I would say in our type of or any type of global industry, if you don't succeed one way or another in China, you will be marginalized over the time. Yes, there are very many other important markets: India, Russia, Indonesia, Africa. Extremely important markets. I would say that China is a must-win battle if you want to be a market leader in any kind of industry. Acquisitions, partnerships, organic growth. That's the way to go into these markets. Why have I put this in this order: acquisitions, partnerships, organic growth? I really believe that that's if you would find the perfect acquisition target, that would be the best way to go. Second best is partnerships. Organic growth you have to do all the time, but it's, in my opinion, it's a too slow path. Service.

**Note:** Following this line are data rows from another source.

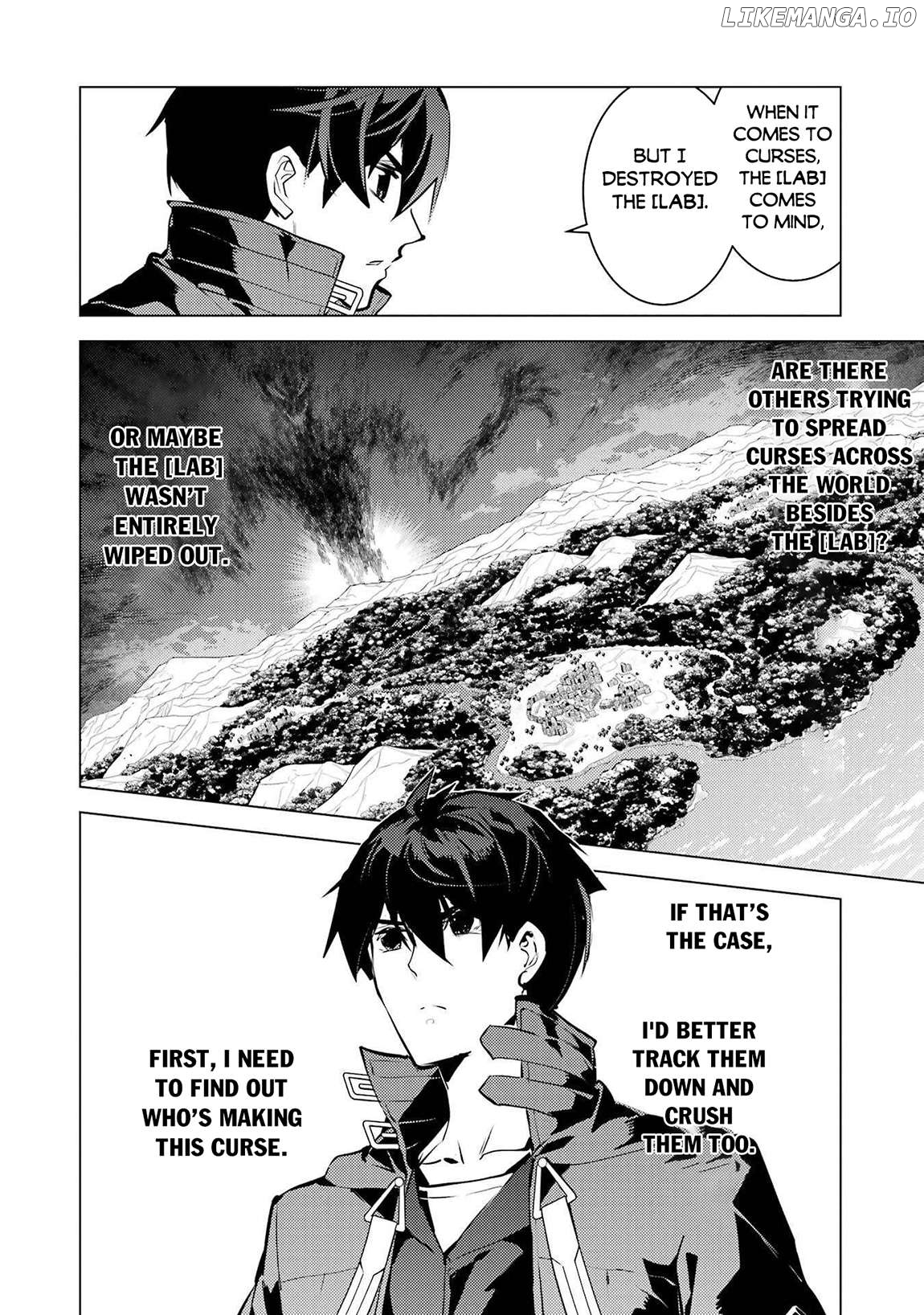 Tensei Kenja No Isekai Raifu ~Daini No Shokugyo Wo Ete, Sekai Saikyou Ni Narimashita~ Chapter 83 - page 32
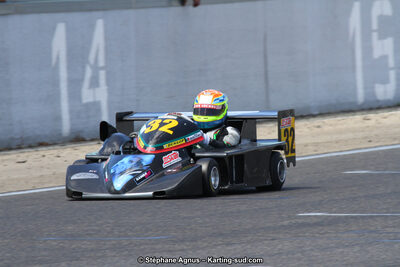 30 & 31/05/2015 : SuperKart 250, TTI Carbone et Championnat de France Long Circuit KZ2 et KZ2 Gentleman à Lédenon (Photos Stéphane Agnus) 2015 — karting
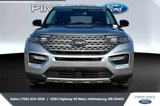 Certified 2022 Ford Explorer Limited w/ Equipment Group 301A image 3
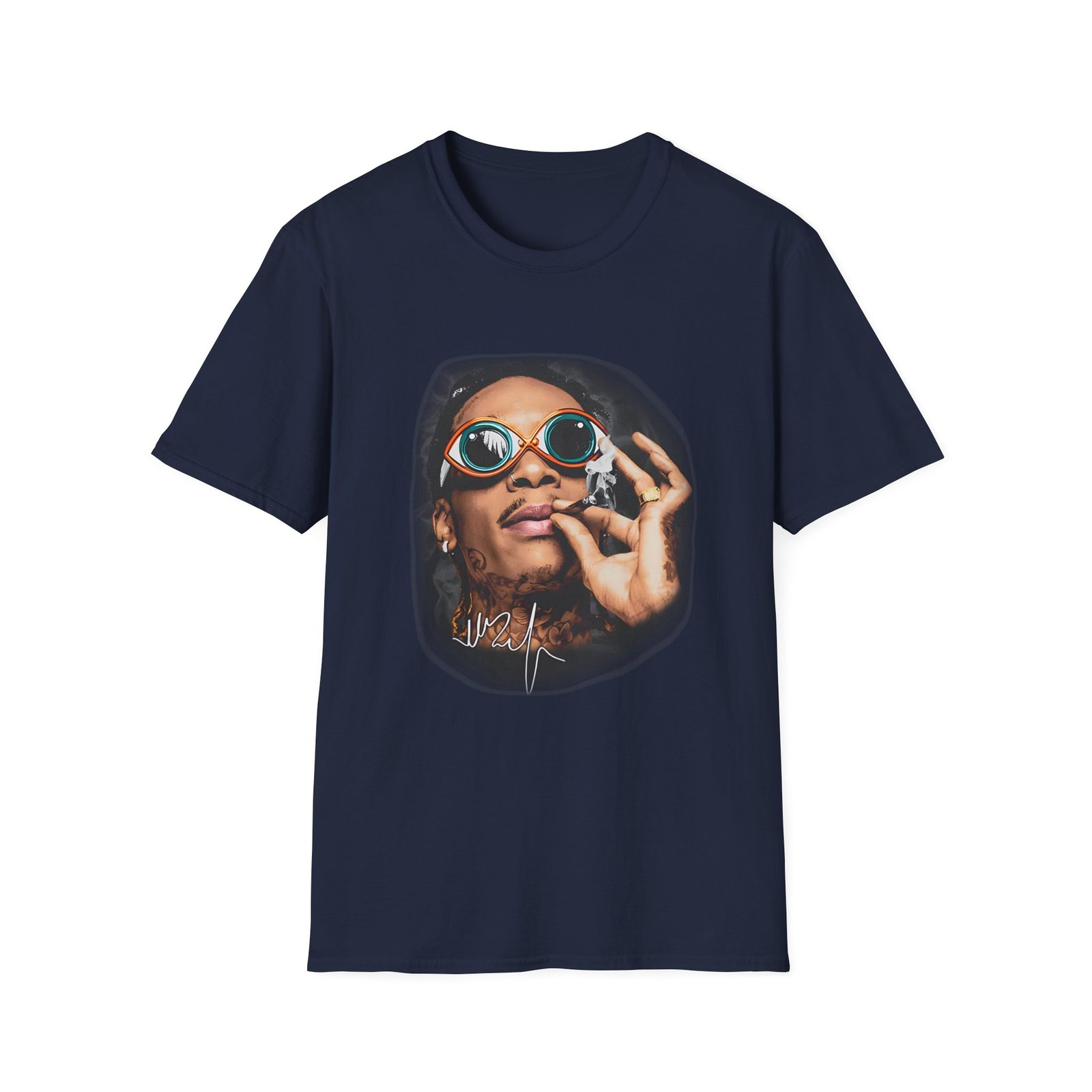 Wiz Khalifa OG Unisex Softstyle T-Shirt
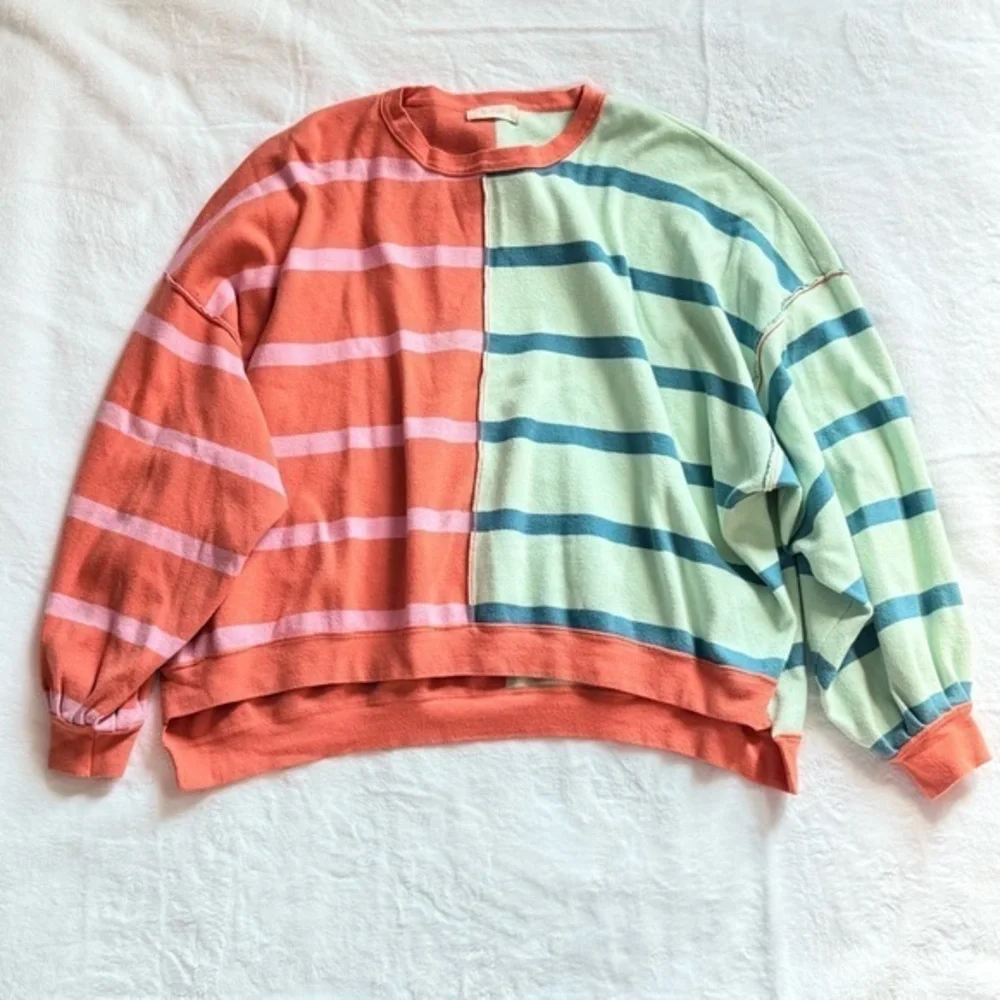 Altard State colorblock crewneck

Two first bullet points talking about efficiency, spare parts logistics, distribution centers, extremely important for getting the base even better in service. The second two bullet points, to grow up in the value chain, to support customers' operation outsourcing, which is a very, very big step. It's very easy to say that someone outsource, yes, we will take it. It's a very risky path. You have to know exactly which way to go there. Internal clarity, we are working very much on processes. Based on that, we are building up a new ERP system to harmonize all the information systems. That's also a long, long journey. It takes, I don't know, three to five years to have, from that point of view, a perfect company. I would say that if you don't have that foundation, you will never be a world-class company.
A world-class company is a company that has operating profit on exceeding 10%. You cannot go over that if you don't have extremely good IT system and platform. Further development of the IT organization, also extremely important. You heard something about that last time. Oops, sorry. I've taken a picture here about what is customer segmentation, because we very often get this question. You are going to look at it from customer segment point of view. What are these segments? What are you going to do with them? We are going to classify them in like traffic lights, green, yellow, and red. You don't see any concrete names here that we are going to invest in that or divest that one. That's an ongoing, our ongoing journey.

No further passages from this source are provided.